◆ **DESCRIPTION OF THE TASK**:
The whole listing is to be given again without alteration, except that its pictures are dropped.
··· INFORMATION SHOWN
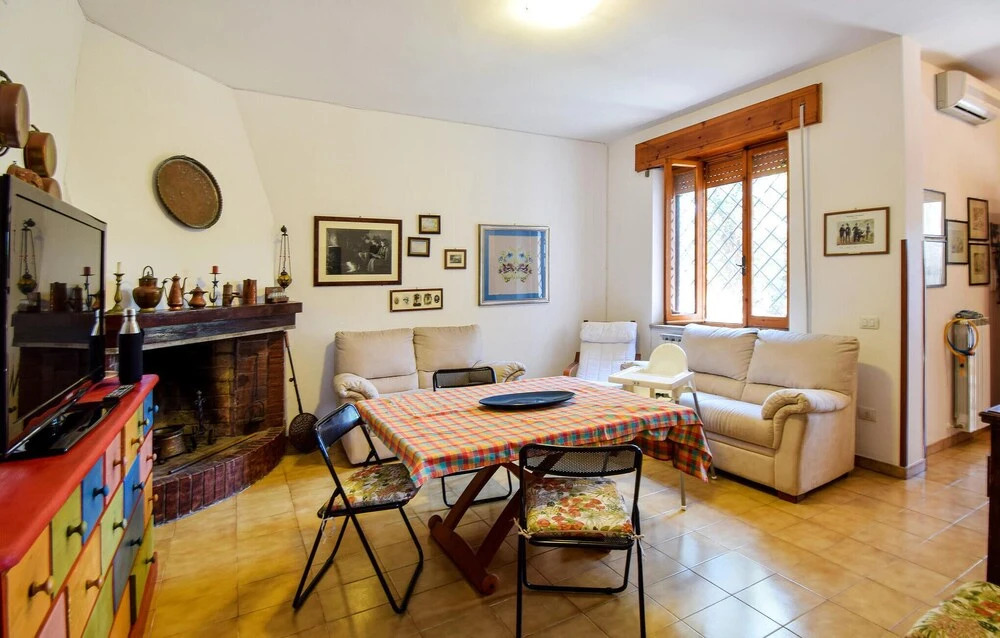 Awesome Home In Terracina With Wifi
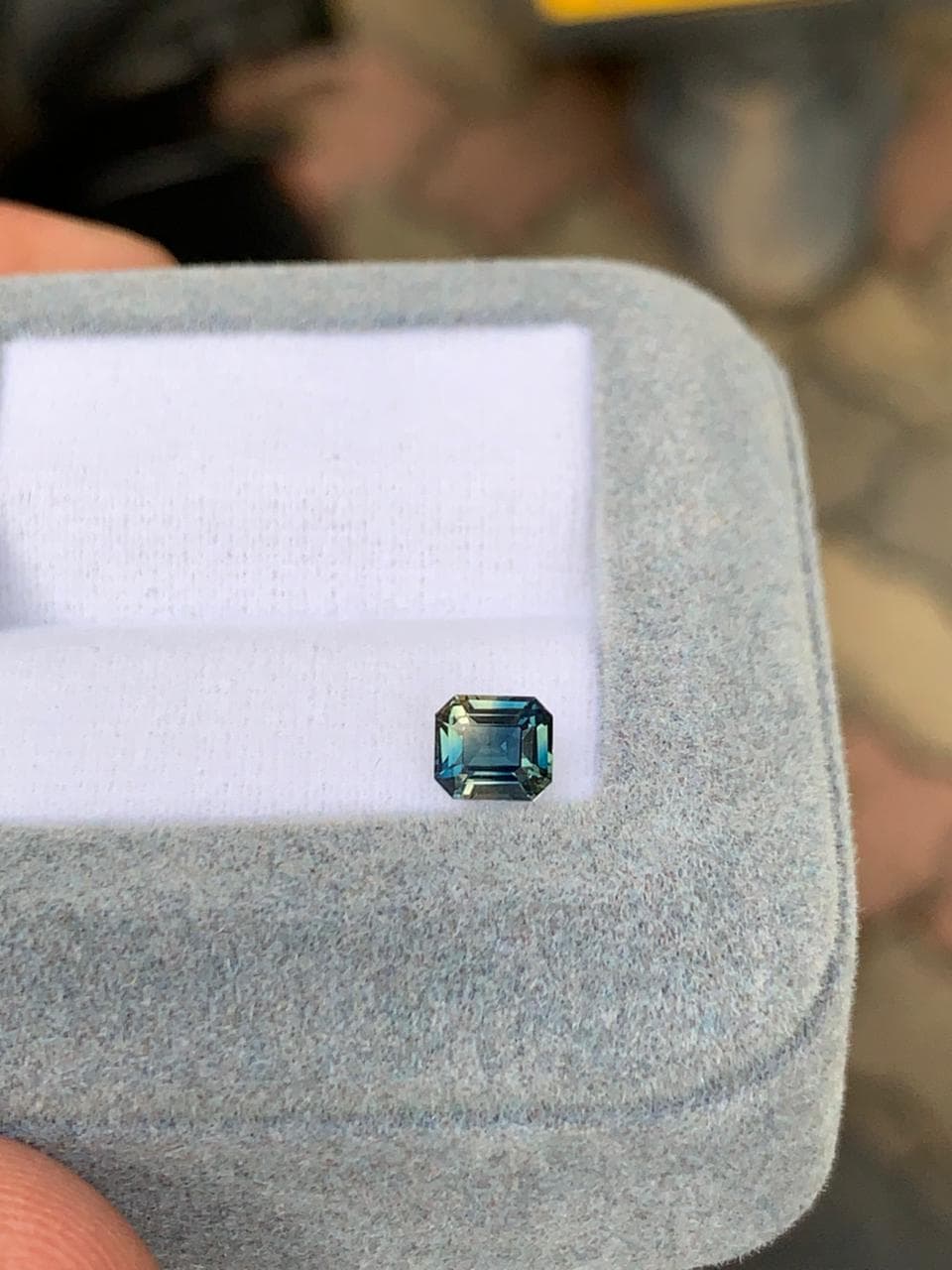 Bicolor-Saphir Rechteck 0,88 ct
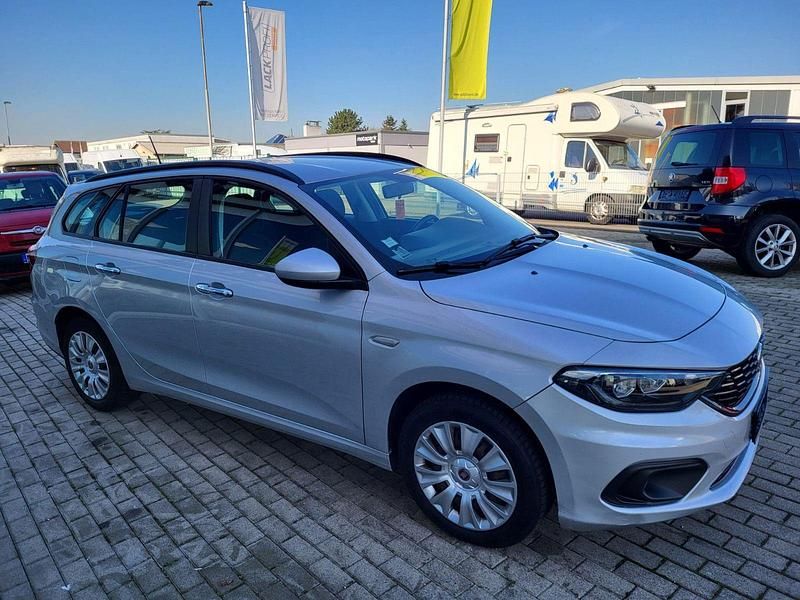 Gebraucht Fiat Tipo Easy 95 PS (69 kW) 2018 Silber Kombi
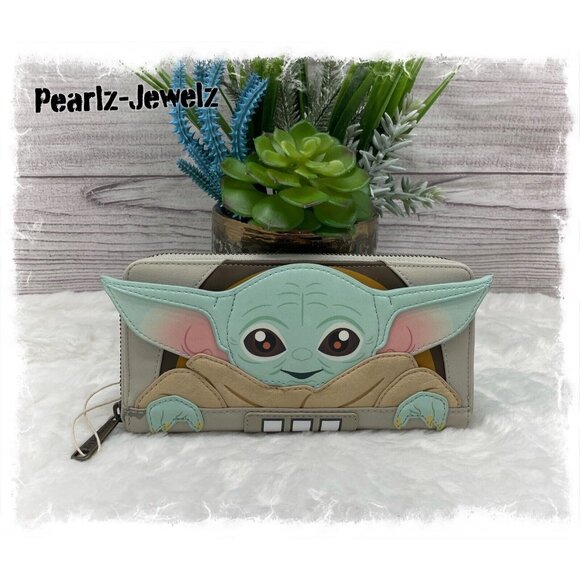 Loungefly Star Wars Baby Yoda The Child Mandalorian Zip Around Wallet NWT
······
◆ **SOLUTION FOR THIS TASK**:
 Awesome Home In Terracina With Wifi
 Bicolor-Saphir Rechteck 0,88 ct
 Gebraucht Fiat Tipo Easy 95 PS (69 kW) 2018 Silber Kombi
 Loungefly Star Wars Baby Yoda The Child Mandalorian Zip Around Wallet NWT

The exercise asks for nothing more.